→ **AIM OF THE TASK**
For this exercise, output the entries below exactly from the line that holds "Chico's Tunic Top" to the line that holds "Foto del edificio - 4244 Edgewater Blvd NE", both ends included. No pictures belong in the copy.

→ **DATA**
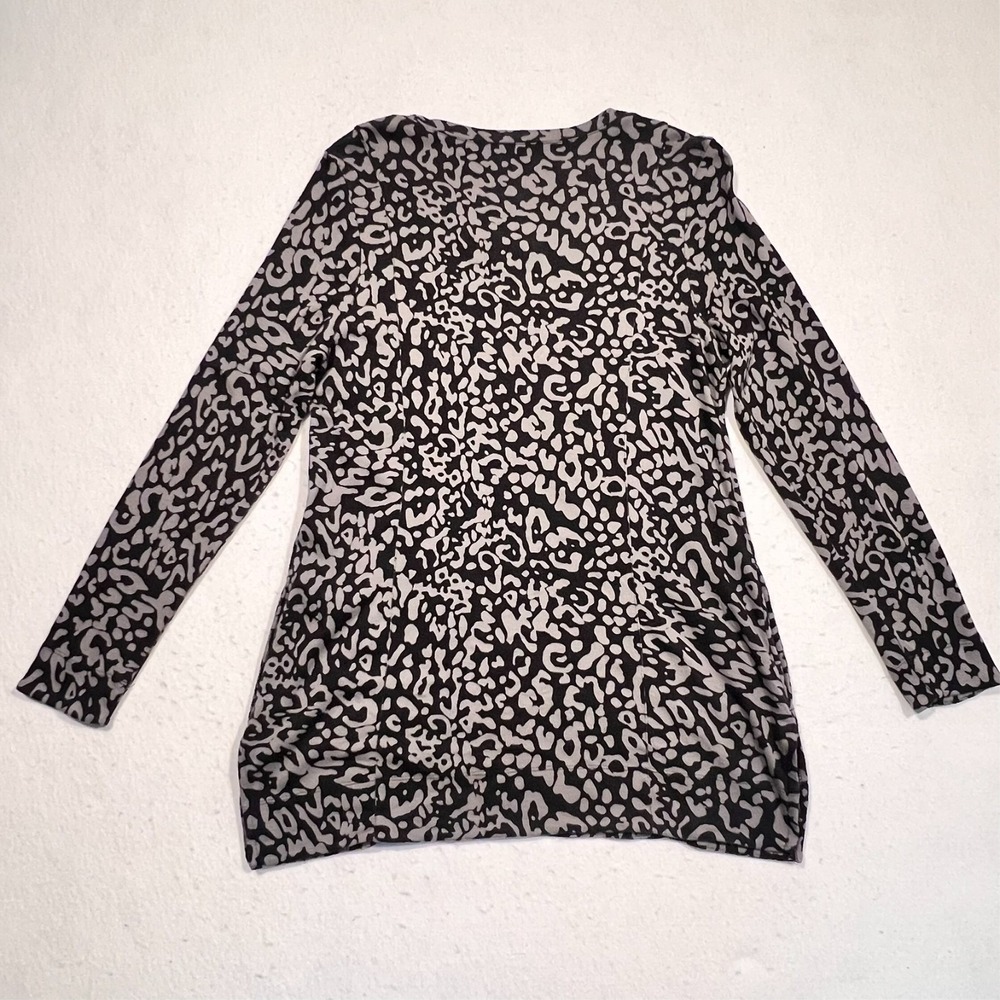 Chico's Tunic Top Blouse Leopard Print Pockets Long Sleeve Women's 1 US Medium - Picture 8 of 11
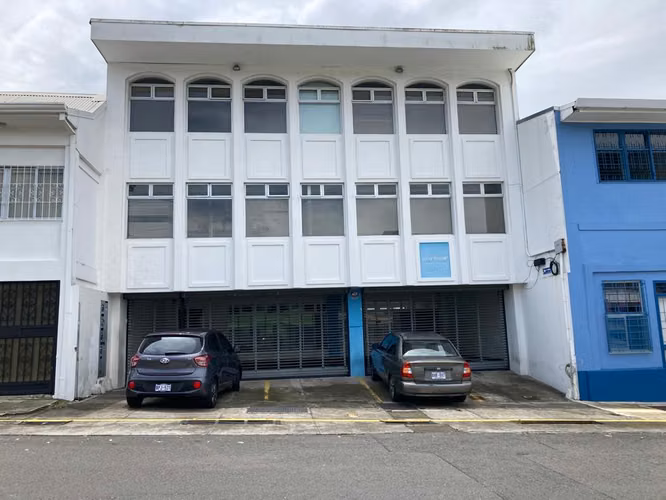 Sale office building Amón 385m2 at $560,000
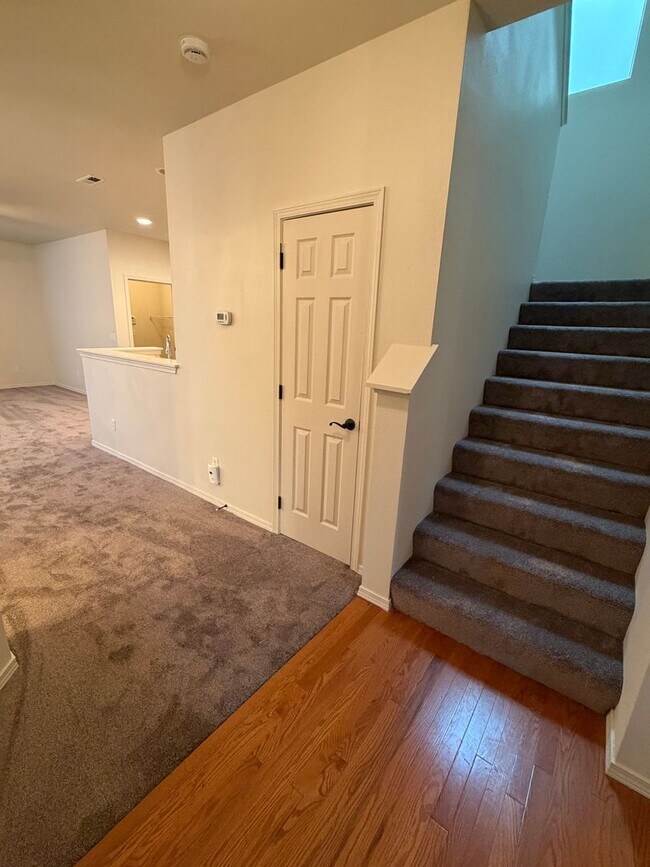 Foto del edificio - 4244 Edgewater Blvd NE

--

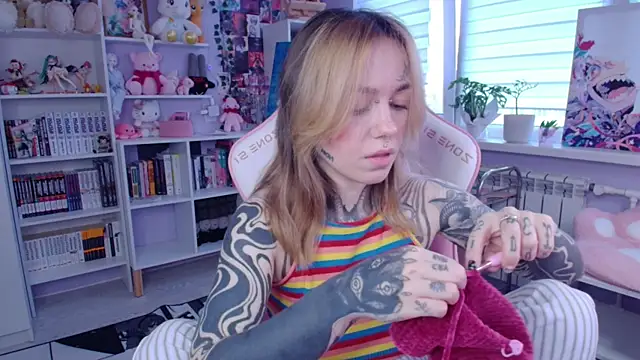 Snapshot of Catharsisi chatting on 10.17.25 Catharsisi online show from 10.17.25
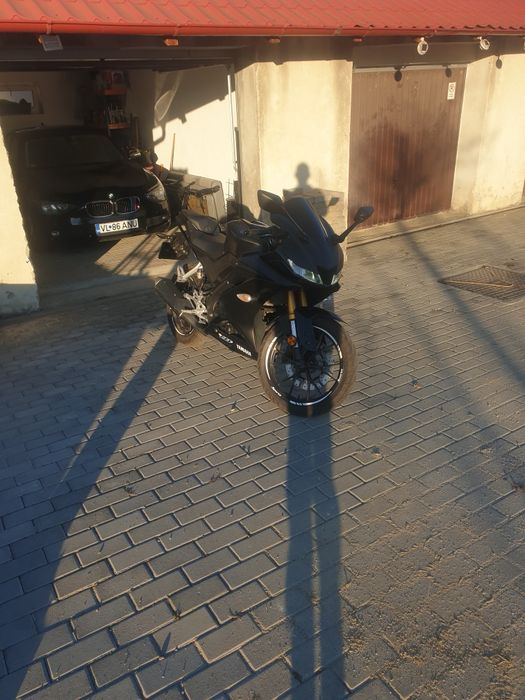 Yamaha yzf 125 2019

→ **TASK ANSWER**
 Chico's Tunic Top Blouse Leopard Print Pockets Long Sleeve Women's 1 US Medium - Picture 8 of 11
 Sale office building Amón 385m2 at $560,000
 Foto del edificio - 4244 Edgewater Blvd NE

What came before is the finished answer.